Bring a scope or binoculars
More often then not wolves will be hard to spot in the Lamar Valley without boosting your sight via binoculars or a scope. Even if you can see them in the distance it really enhances the experience to be able to make them out in detail.
Try, try again
If you are unsuccessful at spotting wolves in the Lamar Valley your first time don’t give up. The movement of wolves are unpredictable. They might be gone one day and back the next.
Do NOT Approach Wildlife
Please remember when visiting the Lamar Valley that the animals here are wild and potentially dangerous. Do not under any circumstances approach any wildlife. The national park service rule of thumb is keep at least 25 yards between you and any animal.
Best Places to Spot Wolves in Lamar Valley
First the bad news. There is no one spot that the wolves always hang out in for Yellowstone visitors. Wolves can travel 30 miles in a day and their range can be over 1,000 miles if prey is hard to come by.
Now the good news. There are a couple of hot spots for seeing wolves if they happen to be around in the Lamar Valley while you’re there.
The best area in the Lamar Valley to see wolves is a 12 mile stretch between the Little America area highlighted on the map near the Specimen Ridge Trailhead all the way to the Lamar River Trail 3K1.
I would say the two best single places to see wolves in the Lamar Valley are the Slough Creek area near Dave’s Hill and the Little America plains. I have personally spotted wolves in both of these locations.
Visiting the Lamar Valley
What Do You Need to Bring to Lamar Valley?
Before my second trip to Lamar Valley I purchased this spotting scope which was a total game change for me.

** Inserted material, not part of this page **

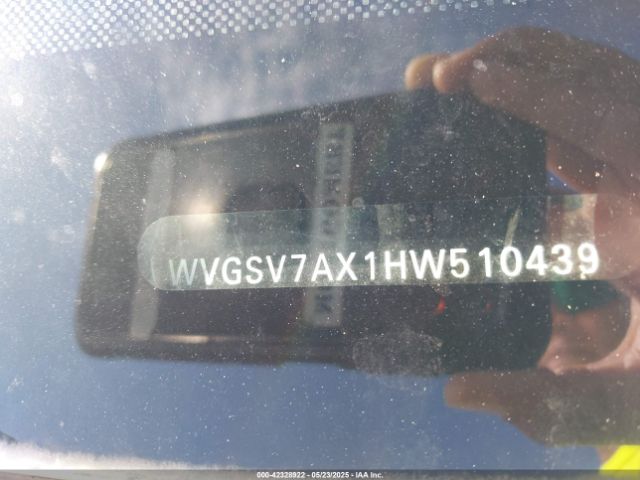 WVGSV7AX1HW510439 Volkswagen Tiguan 2.0t Wolfsburg Edition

Binoculars are really handy in general for visiting the national parks but especially so in in Lamar Valley. The major difference between binoculars and a spotting scope is that binoculars are handy on the fly whereas the spotting scope requires time to set up.
These are the binoculars I’ve been using for the past few years and highly recommend.
I’m a Sony guy through and through. While they’ve released some newer versions, I still swear by this camera model based on price & resolution. My images are regularly licensed by all of the big names in the industry and this camera does the trick.
For photographing wildlife I recommend this telephoto lens.
Should I Do a Wildlife Tour in the Lamar Valley?
If you’re wondering whether or not it’s worth it to do a wildlife tour in Lamar Valley Yellowstone, it really depends on the kind of person you are. Personally I’m more of a do it yourself sort of person so I prefer driving my own car.
Some folks love the camaraderie and expertise that comes with a wildlife tour. The wildlife tours in the valley go to the same spots as any visitor can go.
Their key selling point is knowing when to go and having the equipment to enhance the experience (scopes, binoculars, etc).
Best Wildlife Tours of the Lamar Valley
Lamar Valley vs Hayden Valley
If you’re in Yellowstone I highly recommend visiting the Hayden Valley as well. Lamar Valley is more remote than Hayden which makes it less visited (yay if you’re looking to avoid massive crowds).
Hayden Valley is really popular and centrally located much closer to Grand Prismatic and Old Faithful. If you’re going just for wildlife then I recommend the Lamar Valley.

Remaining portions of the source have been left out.